# Test Preprocess & Repeat

In [1]:
import numpy as np
import os

import fl_data
import fl_util

MODEL_NAME = 'sr'
DATA_NAME = 'mnist-o' # mnist-o / mnist-f / cifar10

trainData_by1Nid = fl_util.deserialize(os.path.join('..', 'data', DATA_NAME, 'train'))

print(len(trainData_by1Nid[0]), trainData_by1Nid[0]['x'].shape)
print(len(trainData_by1Nid[0]), trainData_by1Nid[0]['y'].shape, np.unique(trainData_by1Nid[0]['y']))
numTotalClasses = len(np.unique(trainData_by1Nid[0]['y']))

print([ len(x['x']) for x in fl_data.groupByClass(trainData_by1Nid) ])

trainData_by1Nid_sampled = fl_data.sample(trainData_by1Nid, 1000)
print(len(trainData_by1Nid_sampled[0]['x']), len(trainData_by1Nid_sampled[0]['y']))

2 (42000, 28, 28)
2 (42000,) [0 1 2 3 4 5 6 7 8 9]
[4206, 4700, 4182, 4271, 4068, 3791, 4160, 4360, 4127, 4135]
1000 1000


# Test Node Non-IID

In [2]:
NUM_NODES = 150
NUM_TOTAL_EXAMPLES = len(trainData_by1Nid[0]['y'])

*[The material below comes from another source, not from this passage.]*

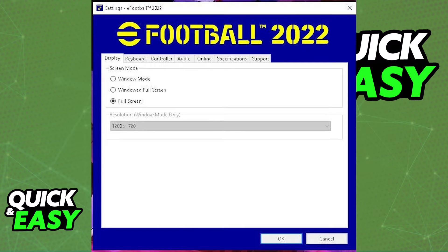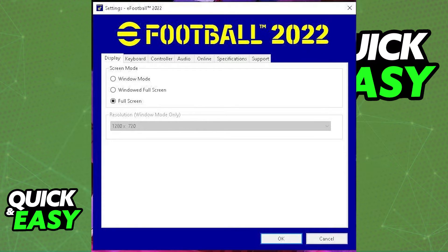What I recommend you to do is try to run the game on full screen, see if the resolution works, and if you are having issues, you can try switching over to windowed full screen. This will make it so the game is stretched to fill your whole screen, but you are still on windowed mode, so the game might work better.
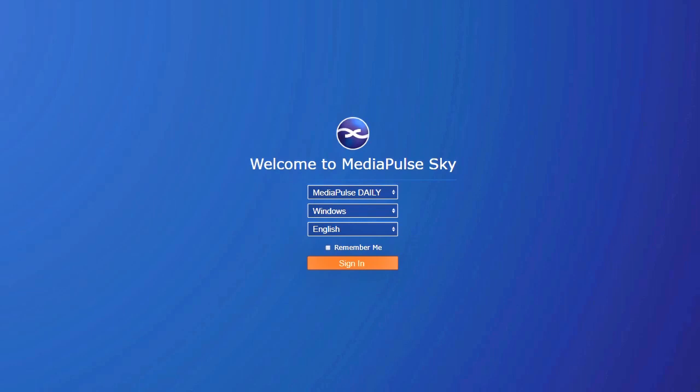Hello and welcome to a demonstration of MediaPulse. In the next few minutes we will go over some of the major changes to the schedule book from version 8 to version 9.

def assert_groupByNode(dataByNid, numNodes_, numTotalExamples_, numClassesPerNode_):
    numNodes = len(dataByNid)
    numTotalExamples = sum( len(n['x']) for n in dataByNid )
    numClassesPerNode = np.mean([ len(np.unique(n['y'])) for n in dataByNid ])
    xType = type(dataByNid[0]['x'][0])
    xPixelType = type(dataByNid[0]['x'][0].flatten()[0])
    yType = type(dataByNid[0]['y'][0].flatten()[0])
    print(numNodes, numTotalExamples, numClassesPerNode, xType, xPixelType, yType)
    assert( np.all([ len(n['x']) > 1 for n in dataByNid ]) )
    assert( numNodes == numNodes_ )
    assert( numTotalExamples == numTotalExamples_ )
#     assert( numClassesPerNode == numClassesPerNode_ ) # numClassesPerNode is stochastic
    assert( xType == np.ndarray )
    assert( xPixelType == np.float32 )
    assert( yType == np.int32 )

trainData_byNid = fl_data.groupByNode(trainData_by1Nid, 2, NUM_NODES)
assert_groupByNode(trainData_byNid, NUM_NODES, NUM_TOTAL_EXAMPLES, 1)

trainData_byNid = fl_data.groupByNode(trainData_by1Nid, 4, NUM_NODES)
assert_groupByNode(trainData_byNid, NUM_NODES, NUM_TOTAL_EXAMPLES, numTotalClasses/5)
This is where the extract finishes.